The most active compounds,3,14,19,27,28 and 29 in Standard Delay Format (SDF) were submitted to the ReverseScreen3D server ^[35],the server uses a reverse virtual screening (VS) method called ReverseScreen3D. It is a 2D fingerprint-based method to select a ligand template from each unique binding site of each protein with a target database. The target database contains only the structurally determined bioactive conformations of known ligands. The 2D comparison is followed by a 3D structural comparison to the selected query ligand using a geometric matching method in order to priotrize each target binding site in the database. The output in the form of a list of the 2D and 3D scores for protein tyrosine kinase (cluster no. 14836) is listed in Table 2. Compounds 3,14,19 and 27 with promising antitumor activity,displayed the highest 3D score values of 0.519,0.589,0.631 and 0.524,respectively.

Table 2

Table 2 Results of molecular docking analysis of the most active compounds in the EGFR-TK active site.
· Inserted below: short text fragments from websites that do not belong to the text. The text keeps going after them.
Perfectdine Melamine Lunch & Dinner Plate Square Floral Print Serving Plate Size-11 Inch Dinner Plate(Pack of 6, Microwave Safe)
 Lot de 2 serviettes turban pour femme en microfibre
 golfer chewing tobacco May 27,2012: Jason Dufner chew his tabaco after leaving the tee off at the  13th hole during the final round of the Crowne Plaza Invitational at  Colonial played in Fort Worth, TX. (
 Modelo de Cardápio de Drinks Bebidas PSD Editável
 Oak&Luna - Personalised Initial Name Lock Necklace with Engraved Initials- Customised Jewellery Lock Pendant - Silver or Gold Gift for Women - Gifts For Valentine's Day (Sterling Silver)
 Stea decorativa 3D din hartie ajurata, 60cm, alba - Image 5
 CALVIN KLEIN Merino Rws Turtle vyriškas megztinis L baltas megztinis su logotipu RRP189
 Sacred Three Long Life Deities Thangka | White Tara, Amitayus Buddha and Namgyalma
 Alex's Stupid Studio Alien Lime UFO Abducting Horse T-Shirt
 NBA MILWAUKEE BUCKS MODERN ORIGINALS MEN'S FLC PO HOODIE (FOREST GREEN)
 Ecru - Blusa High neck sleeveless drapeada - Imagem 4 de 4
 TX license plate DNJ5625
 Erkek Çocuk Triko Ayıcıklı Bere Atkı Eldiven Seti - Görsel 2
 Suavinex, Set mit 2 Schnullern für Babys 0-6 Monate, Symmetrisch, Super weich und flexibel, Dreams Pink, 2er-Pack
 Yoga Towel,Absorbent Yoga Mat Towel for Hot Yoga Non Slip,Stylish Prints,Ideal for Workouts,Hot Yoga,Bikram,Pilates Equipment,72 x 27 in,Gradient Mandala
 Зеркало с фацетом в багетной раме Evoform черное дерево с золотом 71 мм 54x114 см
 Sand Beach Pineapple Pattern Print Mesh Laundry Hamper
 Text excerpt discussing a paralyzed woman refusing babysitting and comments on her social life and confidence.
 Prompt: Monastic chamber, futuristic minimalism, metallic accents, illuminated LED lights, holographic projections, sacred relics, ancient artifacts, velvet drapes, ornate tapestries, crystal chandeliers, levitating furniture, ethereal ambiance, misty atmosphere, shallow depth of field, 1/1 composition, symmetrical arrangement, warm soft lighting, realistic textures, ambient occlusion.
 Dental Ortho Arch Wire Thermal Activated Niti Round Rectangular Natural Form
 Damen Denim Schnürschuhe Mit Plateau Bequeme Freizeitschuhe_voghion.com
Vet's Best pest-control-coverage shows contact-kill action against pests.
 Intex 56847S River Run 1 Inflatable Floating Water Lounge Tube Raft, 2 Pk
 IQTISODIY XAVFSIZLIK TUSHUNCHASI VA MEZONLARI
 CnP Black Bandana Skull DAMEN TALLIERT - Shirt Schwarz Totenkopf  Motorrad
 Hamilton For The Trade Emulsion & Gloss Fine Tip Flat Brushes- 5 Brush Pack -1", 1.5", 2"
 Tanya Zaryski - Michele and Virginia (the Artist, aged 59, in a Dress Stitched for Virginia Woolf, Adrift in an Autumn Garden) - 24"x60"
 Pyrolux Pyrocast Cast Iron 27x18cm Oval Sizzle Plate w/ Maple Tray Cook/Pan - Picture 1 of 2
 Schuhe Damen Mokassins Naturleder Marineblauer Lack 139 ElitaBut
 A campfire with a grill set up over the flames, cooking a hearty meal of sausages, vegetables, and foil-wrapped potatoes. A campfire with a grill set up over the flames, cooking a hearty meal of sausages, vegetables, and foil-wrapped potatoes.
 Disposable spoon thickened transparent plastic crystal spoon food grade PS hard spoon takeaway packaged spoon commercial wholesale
Table 2 Results of molecular docking analysis of the most active compounds in the EGFR-TK active site.

3D Pharmacophore designing methods take into account both the 3-dimensional structures and binding modes of receptors and inhibitors in order to identify regions that are favorable for specific receptor-inhibitor interaction. The description of the receptor- inhibitor interaction pattern is determined by a correlation between the characteristic properties of the inhibitors and their biochemically determined enzymatic activity.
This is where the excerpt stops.